Officials wouldn’t say if the city was pursuing any other providers for 5G, but said Sacramento is now “open for business” for wireless developments with all carriers.
In 2016, before Verizon was in the picture, Sacramento made a deal with 5 Bars Communities, which was assigned in 2017 to XG Communities, an Irvine-based provider of wireless asset marketing and management for cities and municipalities. The agreement called for XG to create a database of city assets that could be potential sites for small cells and to negotiate deals with other parties, such as telecommunication service providers. In April 2018, XG filed a complaint, claiming the city violated this contract by allowing Verizon to use city assets for small cells without going through XG.
In October 2018, a Superior Court judge ruled in favor of XG. But the city filed an appeal, which is under review. With the legal issue unresolved, XG CEO John Clarey says only that his company is still providing its services to Sacramento and has since developed hundreds of sites representing all four carriers: AT&T, Sprint, T-Mobile and Verizon.
“We look forward to affirmation of the judge’s order,” Clarey wrote in an email, “and continuing to bring next generation wireless to the city.”
Lum says Sacramento has a long way to go. He thinks Verizon’s 5G Home rollouts in the other test cities are in similar positions – except for Los Angeles, which is worse in terms of area coverage. Lum took a similar trip there to analyze the deployment and found sites in only 2 out of 15 city council districts.
But until project planners figure out how to address the pole problem, connectivity will remain limited, Lum says. During his trips to the capital, he plugged in various residential addresses on the Verizon site to see how far the signal was able to reach. The results weren’t promising.
“It’s going to be difficult doing 5G at these frequency bands,” he says. “How far can the signal go with all the trees? Distances are much shorter than I would’ve imagined. That complicates the deployment.”
Certain neighborhoods have decorative “acorn” lights that aren’t suitable for small cells. But with such limited range, Lum wonders how the radios mounted on poles around the perimeter will deliver 5G service throughout the neighborhoods.

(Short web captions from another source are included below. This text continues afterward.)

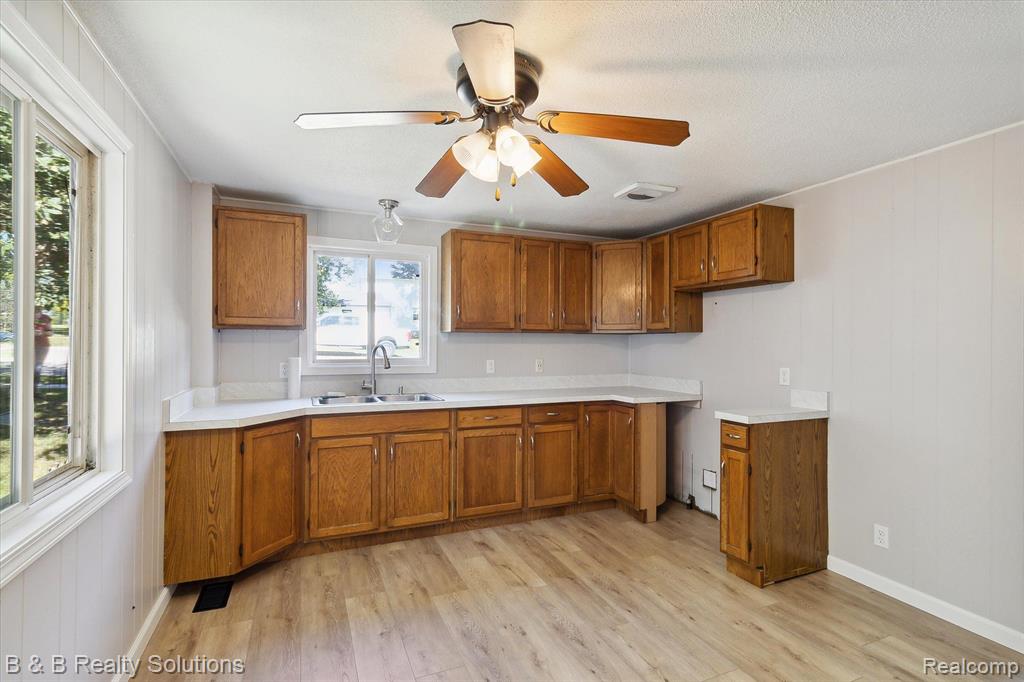 6685 BRUSH Street, North Branch, MI 48461 — Photo 8
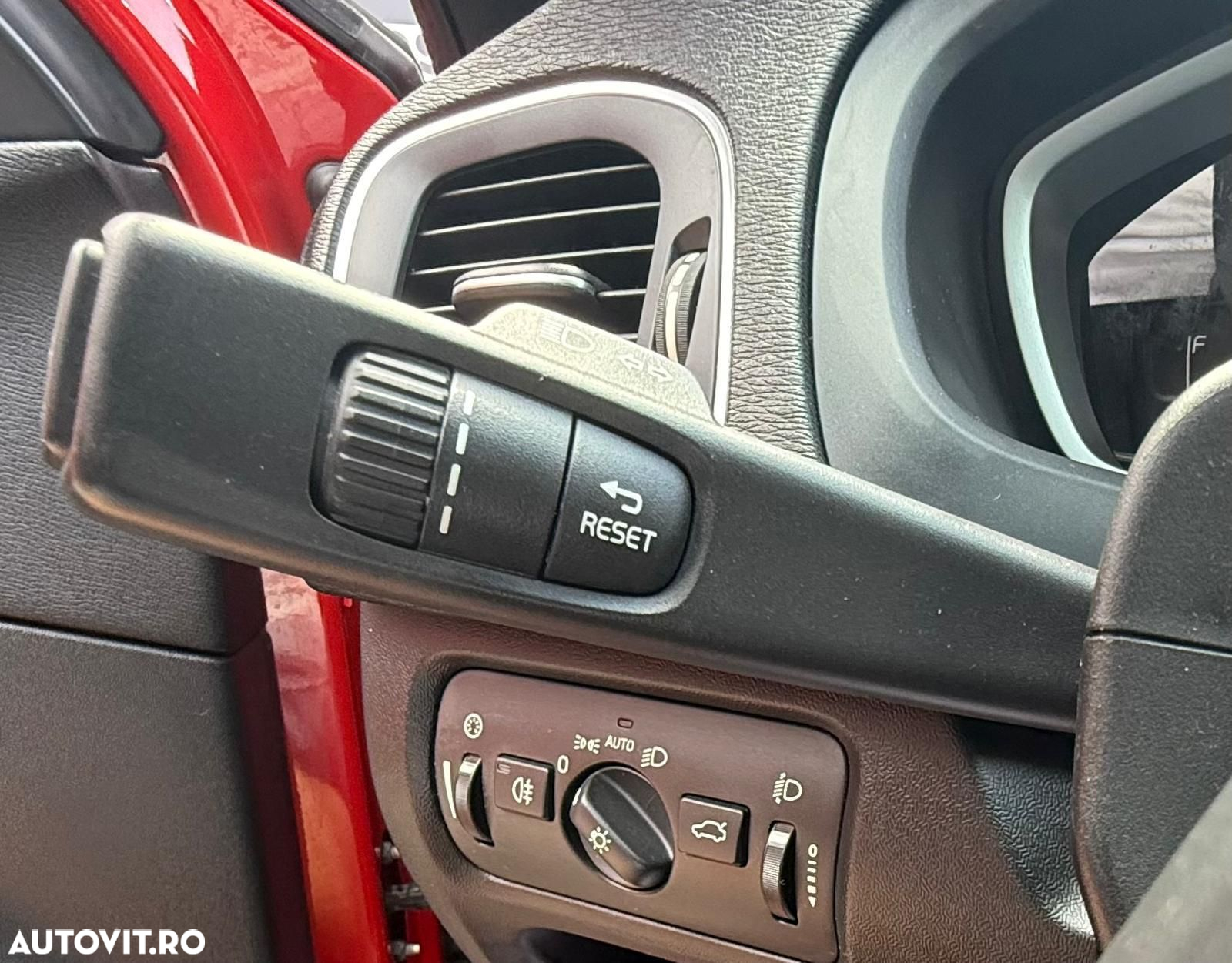 Volvo V40 - 14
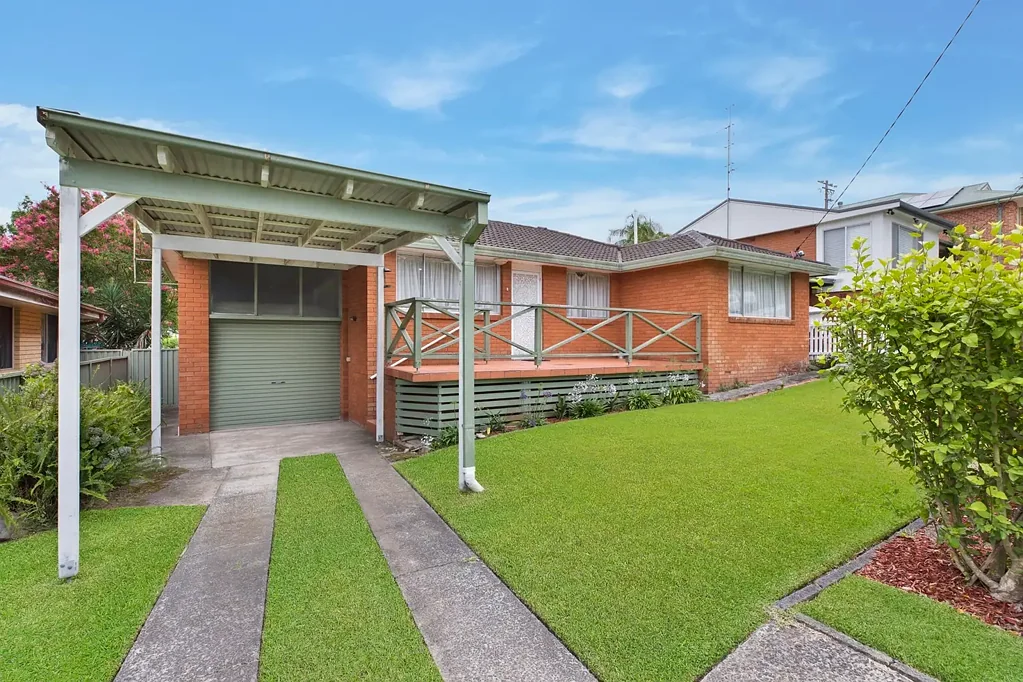 5 Haynes Street, Wyoming, NSW 2250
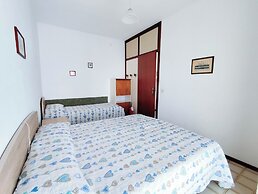 Comfy Flat With Pool and Balcony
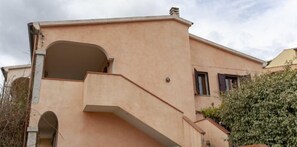 Exterior - Janna Di La Chessa (San Teodoro)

“Can you swap out an acorn light for a 35-foot LED pole?” Lum wonders. “If you can’t swap those out, you’ll never get citywide coverage. Or, if you do, will someone in the neighborhood be upset because you wrecked the scenery?”

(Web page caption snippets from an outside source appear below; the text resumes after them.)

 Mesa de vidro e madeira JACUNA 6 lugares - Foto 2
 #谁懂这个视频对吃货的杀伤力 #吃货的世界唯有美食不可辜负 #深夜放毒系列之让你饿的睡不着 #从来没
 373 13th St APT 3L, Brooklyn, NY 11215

This is an issue about coverage now, let alone years down the road when the city expects to have the game-changing innovations. “If you’re talking about autonomous cars,” Lum says, “you’re going to need every corner where you have street lights filled with radios beaming all over the place.”

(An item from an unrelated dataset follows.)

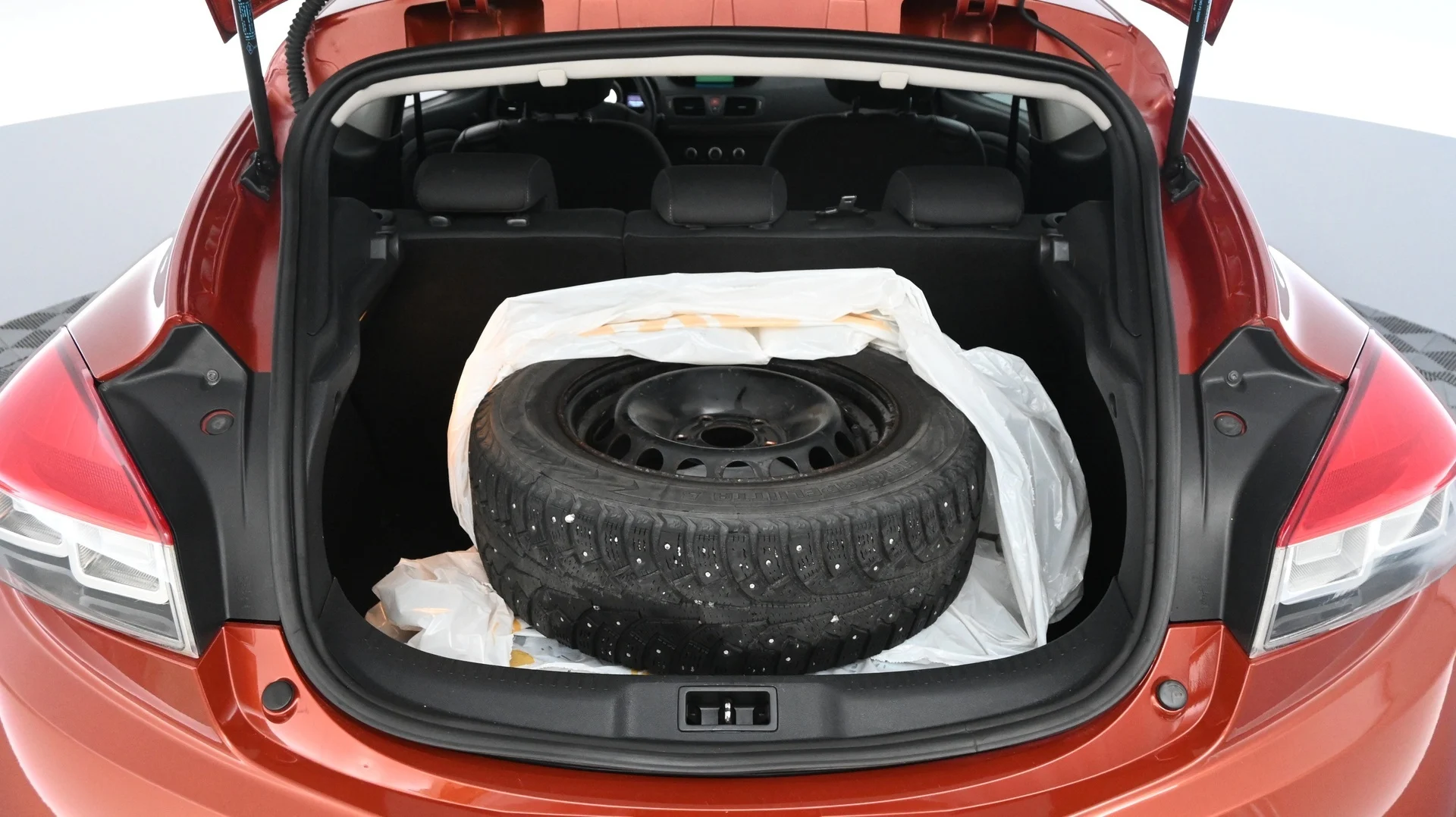 Car Image - 3vm2roIAKqzoVejNfBbECu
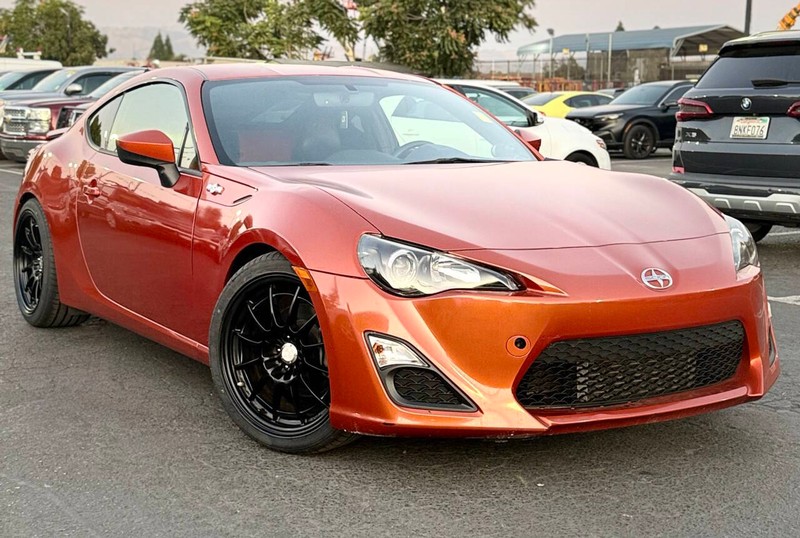 Scion FR-S Vehicle Full-screen Gallery Image 03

Any agreement involving many tens of millions of dollars of new spending will be complex, says Gordon Feller, co-founder of Meeting of the Minds, a nonprofit focused on innovations in smart and sustainable cities. He says the signed agreement was always available and the city has been transparent, but the delay leaves many small businesses not sure if and how 5G will help them.
“The process of getting these small cell sites up and running has been frustrating only because the expectation was very high,” Feller says. “With every new thing, the expectation that it will go fast has to meet reality.”